In general, given n*n uniformly distributed random variables, the determinant of the random matrix generated by those random variables is a random variable with a density function that is continuous over its interval domain. Thus the probability that the determinant is a specific value (namely 0) is zero.

Sweet and simple. The only deal here is answering the question of whether P(AB-CD) is continuous, but I think it is.

I had thought of approaching this problem by showing that the set of zeros of the determinant function, considering the domain to be \C^{n^2}, had measure zero, but couldn’t get a handle on that, since the set of zeros is some complex variety. Now, using Robert’s technique, it seems straightforward to show that the measure of any affine variety is zero.

Open Geometric problem

Wednesday, May 17th, 2006

Craig Larson, a lecturer here at UH wrote an article that made it into Notices of the AMS on the current inadequacies in our recruitment of science and math teachers: the fact that they aren’t required to know the subject before they are allowed to teach it, and the money issues which cause those who would make the best teachers to find another field to work in. It’s a short article, and worth reading.

That plug aside, here’s an interesting and possibly elementary open problem from the SIAM Problemslist:

A sphere B \subset \R^n centered at the origin satisfies the following property:

|B \cap (x + \epsilon B)| = M(\epsilon), \quad x \in \partial B, \quad \epsilon > 0,

where |\cdot| denotes Lebesgue measure and M is a real function. That is, the volume of the intersection of B and a scaled version of B translated to one of its boundary points does not depend upon which boundary point is chosen; it is solely dependent upon the scale \epsilon. This property can be shown to hold for ellipsoids by appropriately scaling the coordinates of a sphere.

Are there other domains B \subset \R^n centered at the origin which satisfy the above equation?

I changed the question somewhat, since I don’t understand what the terms homothety or homothetic center refer to, but it retains the spirit of the original.

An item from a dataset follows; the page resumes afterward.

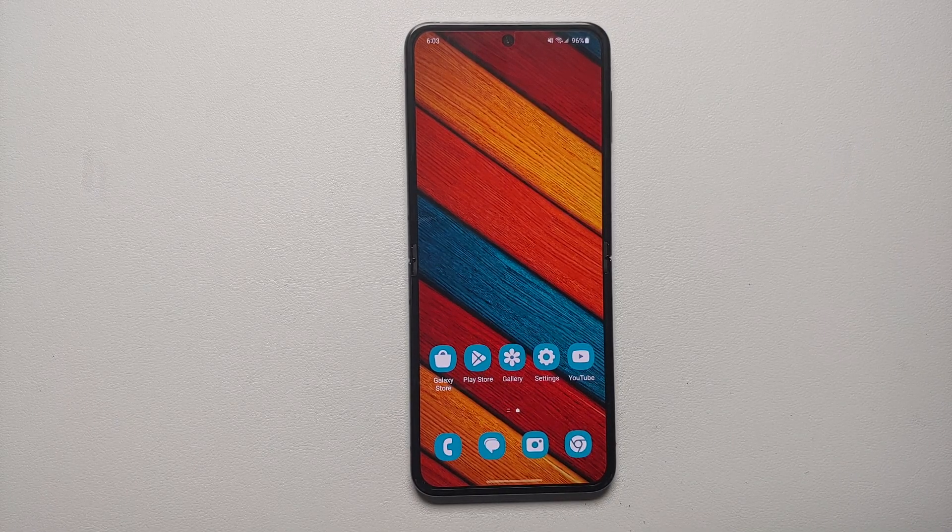Hey peeps, what's up, Munchy here back with another video. If you are worried or frustrated with the battery drain on the Samsung Galaxy Z Flip 5 and want to increase the battery life, we do have a few settings you can change and a few tips and tricks — so without any further delay, let us get down to business.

Probability of invertibility of matrices

Tuesday, May 16th, 2006

Robert Rosenbaum posted a really nice question to the UH math mailing list:

Given an n \times n matrix of integers, what is the probability that it is
invertible?

What if we put a bound on the magnitude of the integers (so that we consider only a finite number of matrices)? In other words, given an integer n > 0 and an integer M, what is the probability that an n \times n matrix A of integers each less than M in absolute value is invertible? Is there an elementary way to express this value in terms of M and n? I don’t know.

If we don’t restrict ourselves to integer valued matrices and consider all real or complex valued matrices, I think that the probability would be exactly 1. Can someone give an argument for this claim?

I got the last question, where you consider all of \C^{n\times n}: from an earlier problem I posted about, it is clear that the set of noninvertible matrices has empty interior, so measure zero; therefore a random matrix is invertible with probability one.

The discrete case is probably a lot harder…

Update: It seems I made an unwarranted assumption. Just because the set of noninvertible matrices has an empty interior doesn’t mean it has measure zero. I still think that’s true, but the proof is not complete.